The bunker fuel market in the Atlantic Basin is just a bit more than 100 days away from the next shift in the sulfur emissions cap on ships traveling within 200 miles of shore in North America and North West Europe, a designated Emissions Control Area. And some of its impact on costs is starting to show up.

After several months of vague rumblings about higher costs, we’re beginning to see a clearer picture of just how much more shippers expect to pay to comply with this stricter rule. MSC on Monday became what we believe is the third company to announce per-container surcharges intended to offset its expected higher fuel bills come January.

It follows Maersk Line, who announced the same thing in July, and a much smaller shipper called Rickmers-Linie, which said last week it would levy a surcharge but hasn’t said how much it will be.
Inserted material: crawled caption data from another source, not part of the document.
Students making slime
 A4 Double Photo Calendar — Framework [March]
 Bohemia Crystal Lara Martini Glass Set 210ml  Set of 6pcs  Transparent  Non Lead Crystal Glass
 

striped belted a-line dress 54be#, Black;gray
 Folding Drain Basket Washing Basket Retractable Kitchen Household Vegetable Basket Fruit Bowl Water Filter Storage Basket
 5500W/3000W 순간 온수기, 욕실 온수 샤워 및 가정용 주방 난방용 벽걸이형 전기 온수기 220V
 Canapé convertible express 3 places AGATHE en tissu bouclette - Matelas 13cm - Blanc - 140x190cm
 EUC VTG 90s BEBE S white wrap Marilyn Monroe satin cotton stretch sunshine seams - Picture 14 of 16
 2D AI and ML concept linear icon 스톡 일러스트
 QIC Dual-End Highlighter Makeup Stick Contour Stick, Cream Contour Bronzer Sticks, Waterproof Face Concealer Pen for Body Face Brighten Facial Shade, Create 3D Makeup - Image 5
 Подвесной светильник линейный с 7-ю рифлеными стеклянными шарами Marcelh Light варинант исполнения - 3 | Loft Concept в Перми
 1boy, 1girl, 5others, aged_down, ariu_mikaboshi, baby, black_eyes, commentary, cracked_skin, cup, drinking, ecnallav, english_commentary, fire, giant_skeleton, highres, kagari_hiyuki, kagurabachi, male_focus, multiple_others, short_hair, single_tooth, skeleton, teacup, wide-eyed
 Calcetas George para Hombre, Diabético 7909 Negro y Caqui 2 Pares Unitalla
Maersk’s move will put a $50-$150 surcharge on 40-foot containers to offset what it expects to be about $250 million in additional fuel costs from tighter emissions regulations set to take effect in January, it said Monday. Starting next year, ships traveling within 200 miles of shore in North America and the Baltic and North seas must limit sulfur emissions from fuel to 0.1%, down from 1%, under rules established by the International Maritime Organization.

It’s only natural to expect this sort of thing. Airlines, cab companies, food-distribution outfits — whenever their fuel bills rise, it’s the customer that uses their services who ultimately pays. Now that the two largest shippers have announced ECA-related fuel surcharges, I would expect the rest of the industry to follow suit with similar measures.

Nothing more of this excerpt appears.